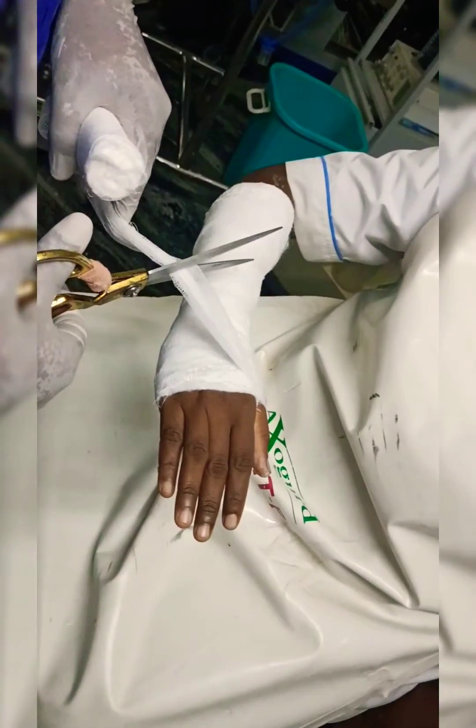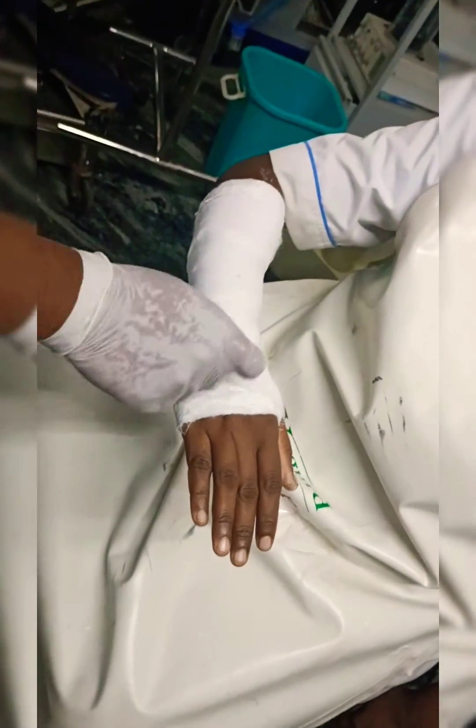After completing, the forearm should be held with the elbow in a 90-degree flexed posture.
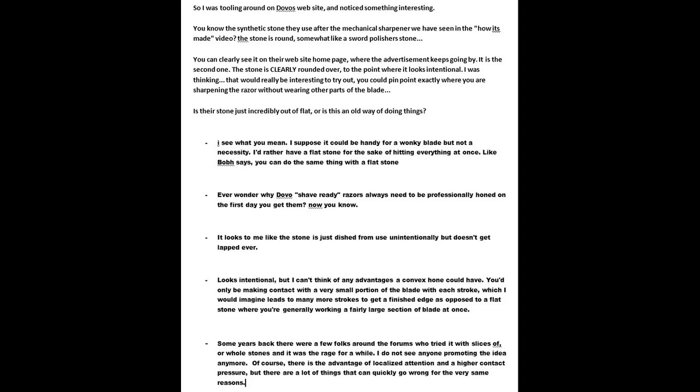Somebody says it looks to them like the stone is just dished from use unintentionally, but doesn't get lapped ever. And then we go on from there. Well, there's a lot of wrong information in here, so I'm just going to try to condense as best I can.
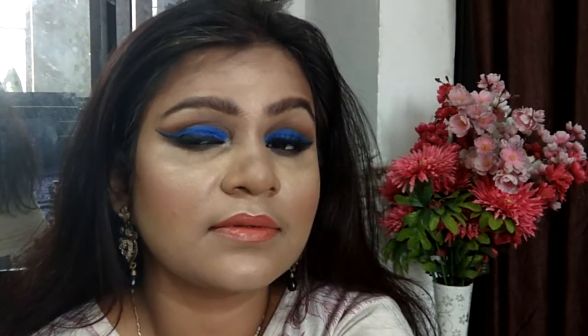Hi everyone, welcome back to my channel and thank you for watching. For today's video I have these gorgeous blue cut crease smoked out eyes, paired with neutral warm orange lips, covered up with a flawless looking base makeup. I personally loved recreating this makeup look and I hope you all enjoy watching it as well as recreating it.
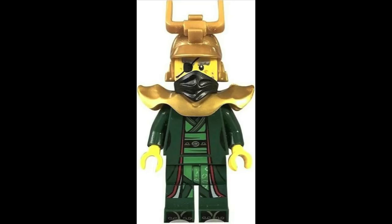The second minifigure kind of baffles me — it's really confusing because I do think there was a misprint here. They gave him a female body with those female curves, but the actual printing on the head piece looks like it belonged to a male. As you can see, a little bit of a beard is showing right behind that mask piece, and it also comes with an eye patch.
---
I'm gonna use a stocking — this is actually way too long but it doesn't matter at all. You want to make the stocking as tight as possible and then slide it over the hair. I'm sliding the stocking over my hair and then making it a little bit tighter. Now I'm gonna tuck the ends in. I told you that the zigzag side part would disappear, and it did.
...
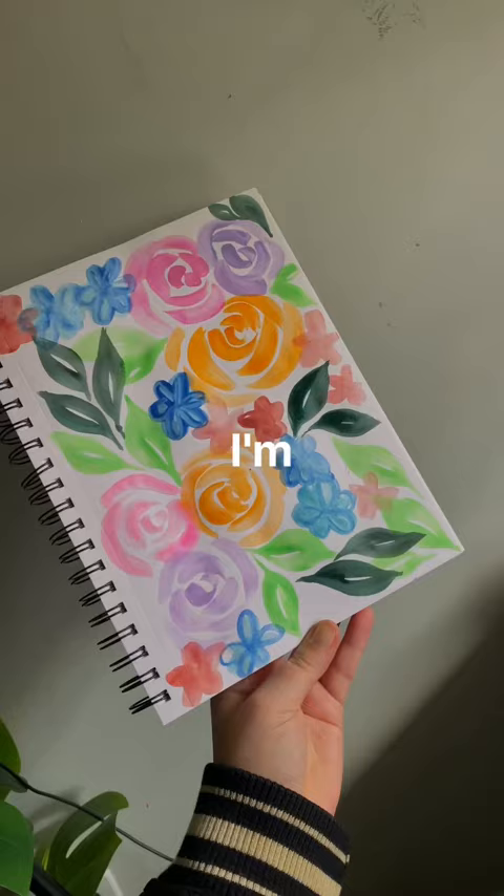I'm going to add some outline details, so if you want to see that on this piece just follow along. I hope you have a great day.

● Instructions to follow
Reproduce, word for word, everything in the listing above from the line containing "After completing, the" down to the line containing "The second minifigure", both of them included. No pictures.

● Finished task
After completing, the forearm should be held with the elbow in a 90-degree flexed posture.
Somebody says it looks to them like the stone is just dished from use unintentionally, but doesn't get lapped ever. And then we go on from there. Well, there's a lot of wrong information in here, so I'm just going to try to condense as best I can.
Hi everyone, welcome back to my channel and thank you for watching. For today's video I have these gorgeous blue cut crease smoked out eyes, paired with neutral warm orange lips, covered up with a flawless looking base makeup. I personally loved recreating this makeup look and I hope you all enjoy watching it as well as recreating it.
The second minifigure kind of baffles me — it's really confusing because I do think there was a misprint here. They gave him a female body with those female curves, but the actual printing on the head piece looks like it belonged to a male. As you can see, a little bit of a beard is showing right behind that mask piece, and it also comes with an eye patch.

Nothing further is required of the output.